Create the Complete Marketing Picture with Your Offline Data
Today a marketer has access to literally tens of thousands of metrics through analytics services. It isn’t unusual for an organization or a business to not know where to start in deciding which factors are crucial to their success and which matter less. Today’s companies are using digital analytics tools to monitor and measure the performance of their websites, mobile apps, email marketing campaigns, and other marketing efforts and it takes some careful thought to create a properly functioning analytics program.
What you can discover about your customer’s online behavior is amazing, includes metrics like who downloaded your app and how much time they spent using it, session length, launches, days since last use, and mobile carrier. You might also be interested in how many times they post to Facebook from within your app, showing their satisfaction with what they created. This kind of thinking can lead to solid ideas about the direction you need to go.
For a retail business, you can discover cart size and cart abandonment stats as well as email campaign and social media metrics.
But what more and more businesses are discovering is that this online data alone is actually a very incomplete picture of your customers’ experiences and that sitting on your laptops and servers is likely a goldmine of “offline” data that could give you a broader insight into your customers’ interests and needs – all of which can help enrich their online experiences and develop loyalty to your brand.
Making use of your offline data is sometimes called “data onboarding.”
Most marketers fear that their offline data, which includes data from events and conferences, customer retail transactions in a brick and mortar store, CRM systems, data from loyalty programs, and metrics from call centers are too difficult to integrate and combine with their online analytic data. Many fear it would be too complex a task to use it effectively.
However, most of the time, much of offline data is actually in digital form already and most of it can be integrated into your analytics management systems. In fact, a number of companies have sprung up in the last couple of years to take your offline data and integrate it into the design of online campaigns.
Mine your offline data sources
Here are some offline data sources that, when integrated into your online analytics campaigns, can bring real value.
Event and conference data. Uploading the wealth of offline data from conferences and events is now a standard practice for most B2B companies. Most conference attendees are scanned, swiped, badged, and ID’d in some way for entry into every session, during every exhibit booth interaction, upon entrance into sponsor exhibitions, and to take part in contests. Much of this information sits unused in a database, but it could be leveraged to help you better understand your buyers’ journeys through all channels and in developing insightful attribution models that exploit this wealth of information.
Customer Briefing Center visits. Most B2B companies invest enormous effort to encourage top prospects to visit their regional or HQ customer briefing centers. These visits can be enormously productive, offering the opportunity to showcase emerging products and solutions and engage the prospect or customer in relevant conversations. Most CRM systems now have extensions that allow a company to upload data and information about briefing center visits, yet many B2B companies miss this important opportunity. Make sure you are incorporating this valuable data into your efforts.

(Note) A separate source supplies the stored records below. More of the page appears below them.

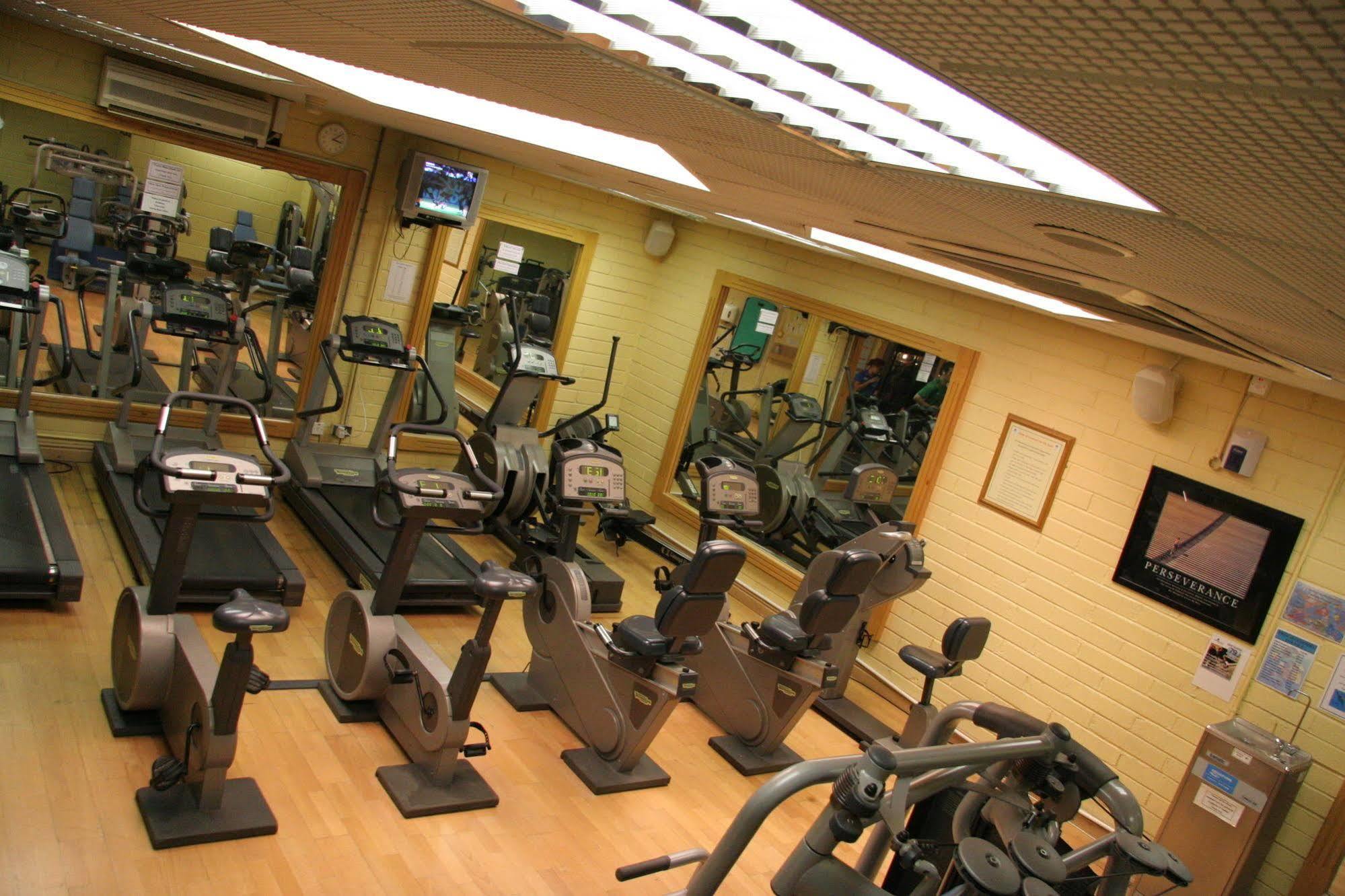 Tower Hotel & Leisure Centre Waterford Bagian luar foto
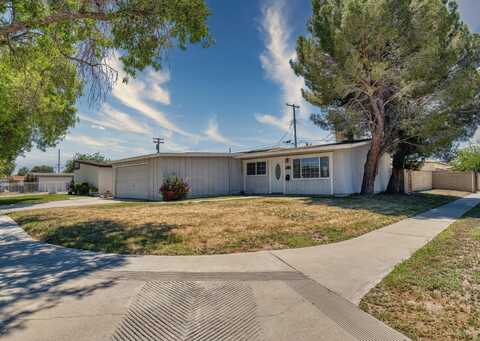 1046 West Avenue H-6, Lancaster, CA 93534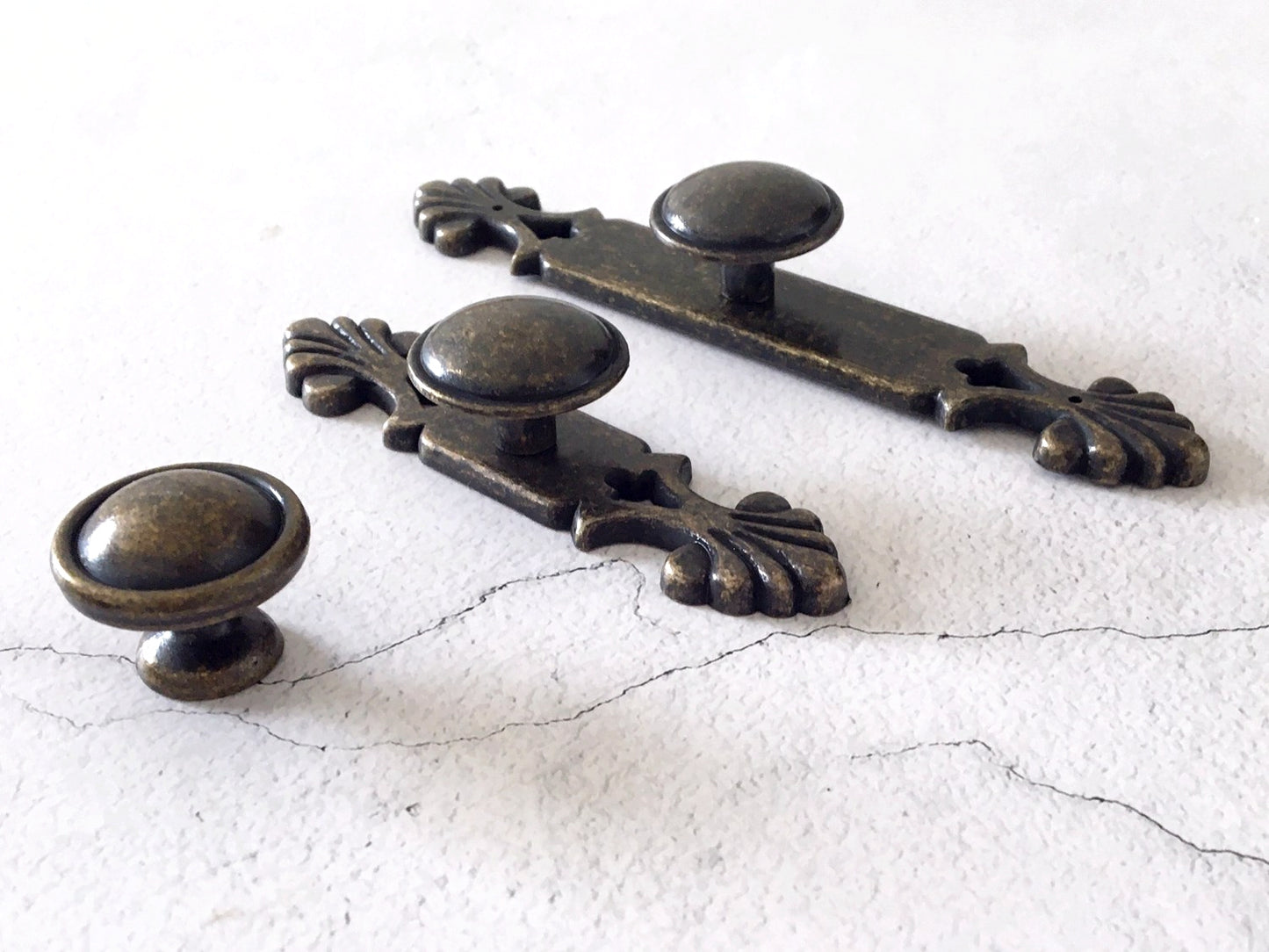 Drawer Knob with Back Plate, Antique Bronze Black, Retro Rustic Kitchen Hardware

Voice and CRM data. The crowning achievement of any data matching effort comes from joining knowledge about your customers’ use of your products obtained from emails and phone calls with your marketing data. CRM databases have often been isolated for a variety of reasons, but new integration tools and better understanding of how to protect truly private data now makes this data accessible, relevant, and worthy of on-boarding in your marketing systems.
Ungated online events. It used to be that activities like webinars, blog posts, videos, surveys, podcasts, eBooks, and other types of presentations that your customer engaged in outside your domain were shrouded in mystery. That’s no longer the case and this “offline” data is readily available. This data helps you better understand your customers’ journeys and gives you insights into the worth of your own content and online experiences.
By integrating data sources that have traditionally been considered out of reach, marketers will be able to quickly target the right people, filter out the wrong ones, expand their scale, and get ahead of the competition.